In practice, there is often some middle ground. We make some assumptions of treatment variation irrelevance, and then try to make those assumptions as transparent as we possibly can. And then invite other experts to tell us why we’re wrong.

The Target Trial

The target trial makes explicit the experiment that we are trying to emulate with our observational data. The whole point is to design an experiment that we can’t actually run, and then argue that our observational data is a good enough approximation of that experiment.

Now some people will argue that it’s not important to fully define the target trial. The common argument is that “who cares exactly what the causal effects are, so long as we understand that there is a causal effect”.

To liken this argument to our example, it’s like saying “who cares if yelling at people to do jumping jacks at 9am on a Tuesday reduces cancer rates, so long as we know if we just yelled at people they would be at reduced risk for cancer”.

The problem (so says the author) is that unspecified interventions may be impractical. If the true causal effect really really depends on yelling supportive platitudes at people, and we then conclude that “yelling at people reduces cancer rates”, we may be in for a rude awakening when we try to implement our findings.

Another issue relates to conditional exchangeability. If our intervention is not well-defined, then we have an even more complicated problem with exchangeability than we already do with observational data. That is, different versions of the treatment might have a totally different set of covariates. So not only do we have to worry about whether or not the factors influencing treatment are distributed reasonably, we have to worry about whether or not they’re even the same factors. A well-defined intervention at least helps reduce the severity of this issue.

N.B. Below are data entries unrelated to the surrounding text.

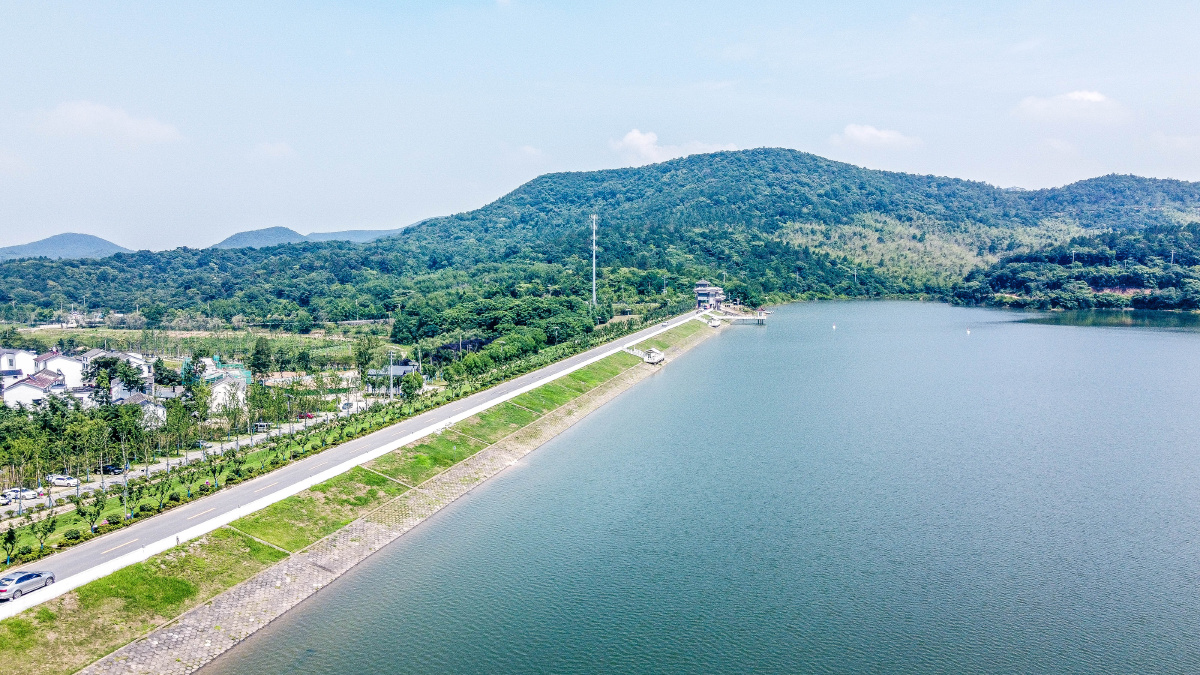 龙尚湖江宁小川藏线尽头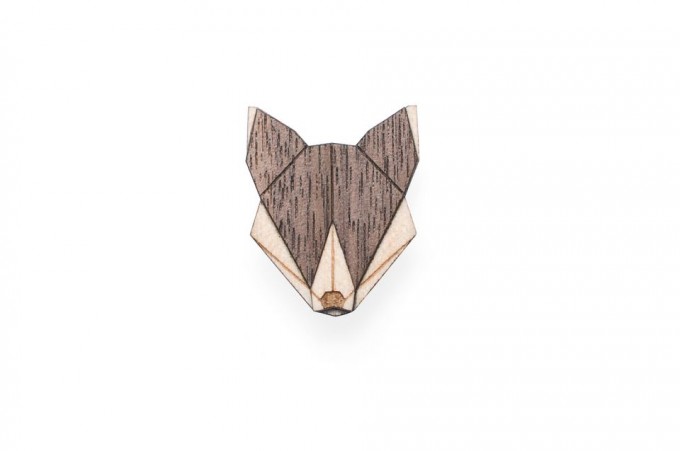 Wolf Brooch von BeWooden Wolf Brooch von BeWooden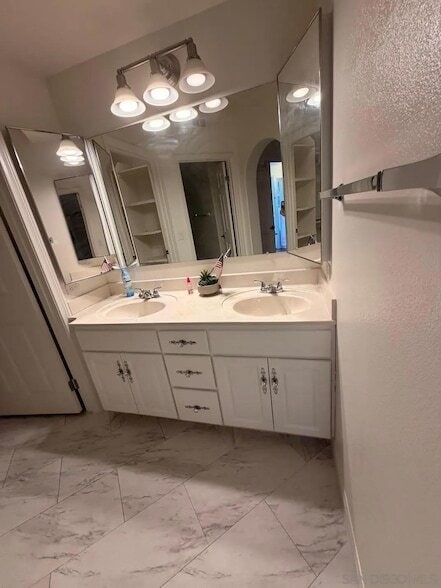 Building Photo - 2715 Lake Pointe Dr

On prediction vs. causal inference

When we can’t make a reasonable target trial, it’s still fair game to say that we have found a predictor. This is way weaker than a causal effect. It just means that we have found a pattern in the data that we can use to predict the outcome. We may find that “whether or not a person has been yelled at” is a good predictor of their cancer risk. But without our identifiability assumptions and careful design of our target trial, we can’t say with any certainty that “yelling at people reduces cancer risk”.

Causation is not Correlation, as the story goes.